Although you may not make your way in a thousand years, you make take a few minutes to read about the beauty of the Northern France, Lille.
I was in, the Belgium’s neighbour and the capital of Nord-Pas-de-Calais, Lille for the fist time of my life for a two-month internship. Undoubtedly, when travelling, one of the most important details is figuring out transportation. In Lille, Transpole is responsible of all things related to transport except bikes. From single tickets to yearly passes, there are various tariffs for metro and tram. V’Lille on the other hand organises the biking system and require with credit cards. Even though these bikes give you time flexibility-because buses, trams and metro only run till midnight- you may end up disappointed when you reach your destination and see a full station.
It’s obvious that you won’t come to France and starve, but where specifically one should eat in Lille? “Boulangeri” and “patisserie” are the places where you can find the best treats of French culture such as the best “croissant, pain au chocolat, gauffre, crèpe” in the entire world. If you’re looking for a take-away, then you can simply find what you need at Paul or Le Pain Quotidien around the corner. If you’re feeling like taking a seat, then stop by Rihour and pick a restaurant on your way to the Grand Place(Be Yourself can certainly be a great choice). If it’s a sunday, you can go to the (not even exaggerating) legendary Meert between 11.00-14.00 to have a brunch and be full for the next 12 to 18 hours. My stay in Lille included bayram, so me and my flatmate went to Meert for a bayram brunch. The three course brunch included everything from exceptional french toast to sea-smelling salmon, from fresh orange juice to crispy macarons. Indeed, that was a morning to be remembered!
For fresh fruits, vegetables, flowers and antique objets, you can visit one of the countless flea markets of the city. Looking for something a little more sophisticated? Visit Marché du Vieux-Lille. Looking for the local feeling? See Marché de Wazemmes. Typical French restaurants of Nord-Pas-de-Calais are called “estaminet”. We often had dinners and occasionally lunches at these delicious places around Vieux-Lille. For being in a lovely touristic neighbourhood Au Vieux de la Vieille is always super busy, so if you want to eat in a more quite place then treat yourself at Estaminet La Vieille France or Estaminet Chez la Vieille. Incredible macarons, beigners and waffles are just around every corner for snacks to go. Even though it doesn’t make much sense to sit at coffee-chains in stone-building European cities, you might still want to see Notting Hill Coffee for they are French owned and serve incredible viennoiserie.

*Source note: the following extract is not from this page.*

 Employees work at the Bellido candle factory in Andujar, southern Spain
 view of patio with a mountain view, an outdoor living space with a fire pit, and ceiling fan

It would be wise to start “tourist”ing from Rihour station of the metro. Begin by taking photos at Grand Place and follow on to Rue Esquermoise to reach Rue Royale or Rue Basse. Both streets would lead you to Vieux-Lille and Cathedral Treille with Maison Natale de Charles de Gaulle(natal house of Charles de Gaule). Moreover, Jardin Vauban and Citadelle just below Champs de Mars are picturesque places to picnic over streets artists’ music and run. When it gets dark out in Vieux-Lille, relax at one of the bars or wine-houses on Rue de la Monnaie, Rue de l’Angleterre or Rue Royale.
Lafayette and Printemps are famous French shopping malls for those who prefers to shop at shopping malls, whereas all the glowing peripheral streets of Grand Place -particularly Lepelletier and Rue Esquermoise- and Vieux-Lille are excellent places to go for street-shopping.
Of course, you should always check out the holiday destination’s calendar for days like public holidays, celebrations, festivals-no one wants to miss those! When I was in Lille, I witnessed perhaps one of the most important days for French people: “La Fête Nationale Française” a.k.a. Bastille Day on July 14th. The day is celebrated with jets spreading red, white and blue colours across the sky all over France and concerts. In Lille, the day started with a jazz band at the gare and proceeded with military parade that took place on Rue de la Liberté, followed by fireworks at Champs de Mars when it got dark.
Eat lots of viennoiserie, drink French wine and get lost between colourful stone-buildings!